Some artists created huge artworks – the 1994 design by Dutch painter Karel Appel is 1.5m x 1m at least. Others design them actual size: the dog-eared bit of card Georges Braque used looks a lot like a crumpled shopping list. David Hockney, true to form, drew his label for the 2014 on an iPad. Cerulean blue, with two wine glasses (one full, one empty) that seem to twinkle in West Coast sunlight, it is inscribed “in tribute to Philippine” in memory of the baroness, who finally got Hockney to design a label after two failed attempts by her father.
“Some artists give us several options,” says Julien, a former art dealer who now oversees the appointment of the artist each year. “And at some point I want to create an exhibit of those works that were never used.” One label that almost didn’t make it was the 1993 Balthus drawing of a young female nude. “It was banned in the US for being pornographic,” he recalls. “So we had to do two labels, one with just the background paper for America, and the other for the rest of the world.” The label for the 2010, featuring a Pompeii fresco of the birth of Venus graffitied by Jeff Koons, also raised a few eyebrows in the US.
But the man who made the estate what it is today, Philippe de Rothschild, was never afraid to ruffle feathers. It was he who campaigned successfully to get Mouton Rothschild promoted to the status of first growth (which he celebrated with a 1973 label featuring a Picasso). He also caused consternation when he commissioned the poster artist Jean Carlu to design a label for the 1924 – the art deco depiction of a ram and a clutch of arrows was not well received by the wine establishment and it would be 21 years before he commissioned another artist.

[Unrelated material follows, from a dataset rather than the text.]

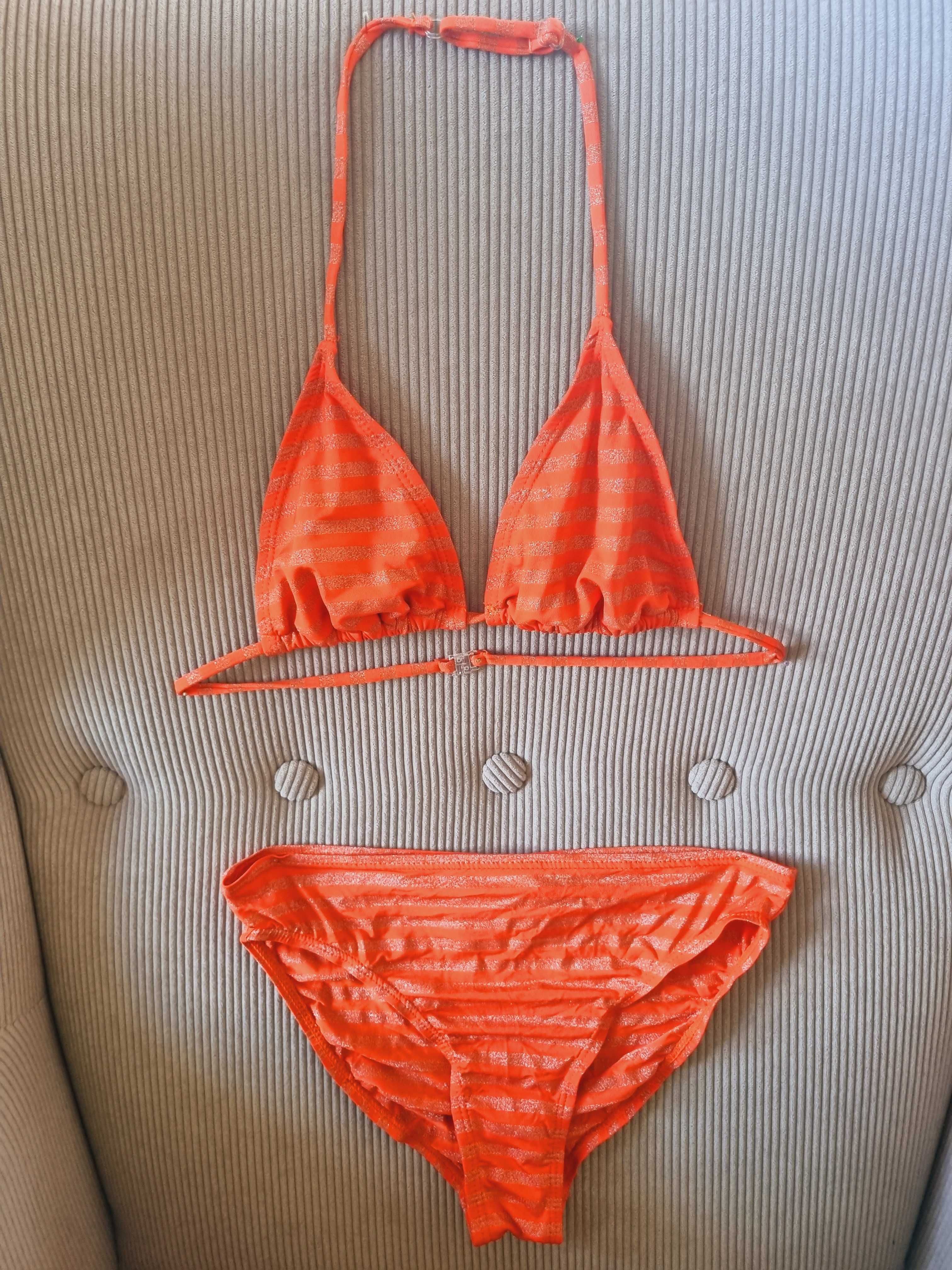 Strój kąpielowy dwuczęściowy 146/152/158 bikini pomarańczowo-złoty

Many of the drawings, including Salvador Dalí’s gold-ink doodle, riff on the first growth’s famous emblem: the Augsburg ram (which the family chose partly because the baron was an Aries, and partly as a pun on the “Mouton” of Mouton Rothschild, which is thought to refer to the mounds, known as mothon in Old French, on which the estate sits). Bacchic themes also abound. But the artist is never given a brief. Lucian Freud supplied a study of a zebra and a pot plant.

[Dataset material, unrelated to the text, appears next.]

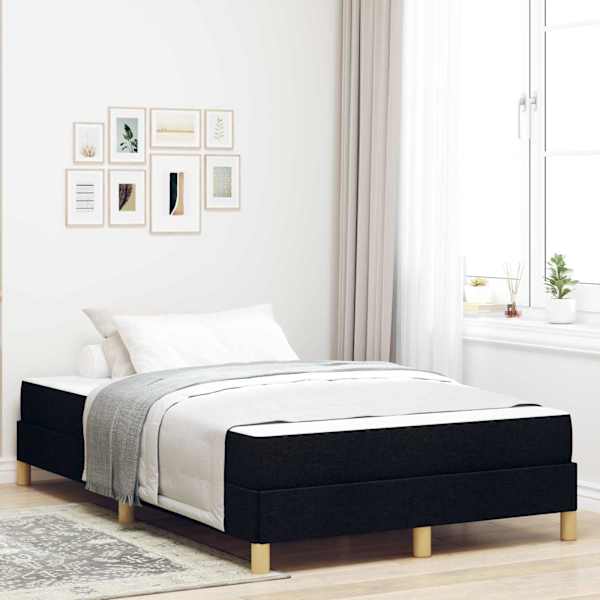 Kontinentaalvoodi koos madratsiga, must, 120 × 190 cm, kangas — mudel 3398551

Some of the labels are beautiful, some are intriguing and some just plain mystifying. But the very best have a way of cementing the wine in your palate, heart and head in a way that the liquid alone cannot. Over lunch, we taste the Anish Kapoor-designed 2009, a wine with a crimson halo and an inky-black centre so deep it would not look out of a place in a real Kapoor. Born of a long, warm growing season, the wine is silky, yet powerful, with masses of the exquisite blackcurrant fruit that this gravelly terroir is famous for. There’s a little smoke and fine, spicy tannin on the finish. As I savour the wine, I look at Kapoor’s painting of what could be a root, with its little hairs pushing down through the earth, and think about the burgeoning life under my feet.
Are there any artists that got away? “Basquiat,” replies Sereys. “And Louise Bourgeois – we never got the chance to ask her. I regret that very much.” Mouton Rothschild’s most recent signing was the South African multimedia artist William Kentridge, who is known for political work with a witty edge. His design for the 2016 vintage, a procession of dancing silhouettes entitled Triumphs of Bacchus, was meticulously torn by hand out of individual pieces of paper.
Mouton Rothschild won’t reveal the artist for the 2017 vintage until this autumn. “But I must say, this is one I’m particularly excited about!” says Sereys with a twinkle in his eye. I employ all my journalistic wiles to try and extract a name, but to no avail. For now, the Rothschilds are keeping this one in the family.